== Segment start ==
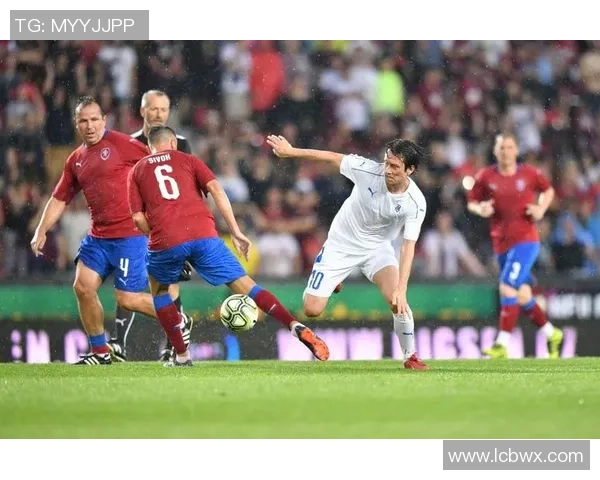 捷克历史足球巨星纵横绿茵场辉煌岁月与荣耀传承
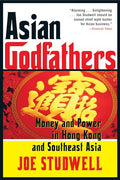 Asian Godfathers: Money and Power in Hong Kong and Southeast Asia - Paperback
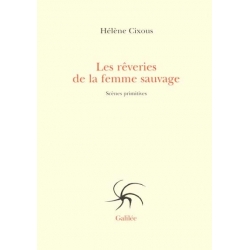 LES REVERIES DE LA FEMME SAUVAGE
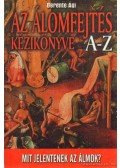 Berente Ági - Az álomfejtés kézikönyve A-Z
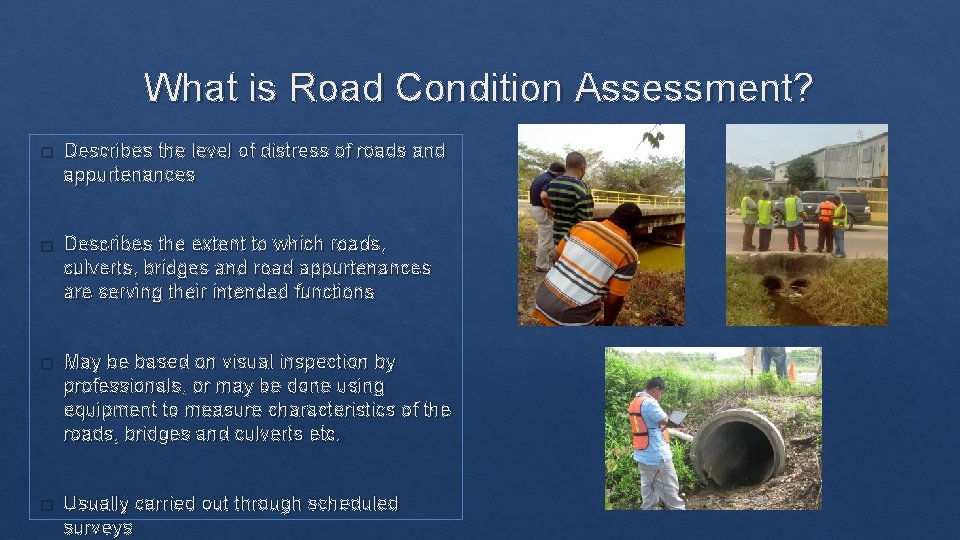What is Road Condition Assessment? � Describes the level of distress of roads and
== Segment end ==
* _WORK INSTRUCTION_
In your copy of the material, every word must match and no image should appear.

* _TASK RESPONSE_
 捷克历史足球巨星纵横绿茵场辉煌岁月与荣耀传承
 Asian Godfathers: Money and Power in Hong Kong and Southeast Asia - Paperback
 LES REVERIES DE LA FEMME SAUVAGE
 Berente Ági - Az álomfejtés kézikönyve A-Z
What is Road Condition Assessment? � Describes the level of distress of roads and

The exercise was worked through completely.